John served for the Union during the Civil War, in Co. D, 32nd KY Infantry, dying in January 1864. Emeliza applied for widow’s pension and pension for their three minor children until they turned 16. But in 1875, Benjamin died of “the fever,” a little over a week shy of his 15th birthday. His mother Emeliza died of typhoid fever two days later, leaving the two remaining children “M.C.” and Surrilda. In 1880 Surrilda married her mother’s first cousin, Leander Loy. In 1880 Russell County, Kentucky census, these newlyweds were residing with Leander’s parents. Also in the 1880 Russell County, Kentucky census, M.C. was living with uncle and aunt James and Marintha (Ellis) Pierce. Marintha was elder sister of M.C.’s father John Ellis. Sometime between the 1880 census and September 1884, M.C. and the Pierces relocated to Kansas.

M.C. Ellis, and likely the Pierces, seem to have settled first in Cicero, Harmon Township, [Section 29 NE], Sumner County, Kansas. In 1883, Cicero opened its own post office, which would continue until it closed in 1934. After WWII, Cicero became a ghost town.

The  Saturday, 6 September 1884 Belle Plaine News (Belle Plaine, KS) relates the following:

M. C. Ellis, a machinist at Cicero, was in town between trains on Monday.

By the 1885 Kansas state census, M.C. and the Pierces were listed in Belle Plaine, Belle Plaine Township, Sumner County. Although the Kansas state census and Federal census from 1895 to 1940 shows M.C. was again living in Harmon Township. In Section 26 of the same township, not far from Cicero, was the community of Mt. Zion, where the Lawless family lived. The family was also from Russell County, Kentucky, but came to Belle Plaine in 1871 with a group of other settlers. Allen Lawless was born in Russell County, Kentucky, and second wife Eva (Antle) Lawless was born in Adair County, Kentucky. They were in the 1880 Belle Plaine, Sumner County, Kansas census with their four grown, unmarried children (ranging in ages from 18 to 30) and three minor children. Eva’s sister Nancy Antle married John Loy, uncle of M.C.’s mother. And John and Nancy’s son Leander had married M.C.’s sister Surrilda. Martin’s uncle Elijah Ellis had married Adaline Lawless, sister to Allen.

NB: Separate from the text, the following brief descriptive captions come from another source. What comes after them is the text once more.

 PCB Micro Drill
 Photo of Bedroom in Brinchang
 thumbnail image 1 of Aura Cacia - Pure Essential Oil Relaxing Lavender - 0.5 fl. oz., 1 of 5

On the 4th of July 1885, Allen Lawless died. Widow Eva died on 29 March the following year. By the time of her mother’s death, the youngest child, Caroline (“Carrie”) Lawless, had just turned 17, the very age M.C. Ellis was when he lost his widowed mother. Carrie’s older brothers, bachelors Jacob and George, still lived on the old home place and, typical brothers, relied on her for their housekeeping. But M.C. offered Carrie a better deal—one husband was a lot easier to pick up after than two brothers—so that August she and M.C. tied the knot.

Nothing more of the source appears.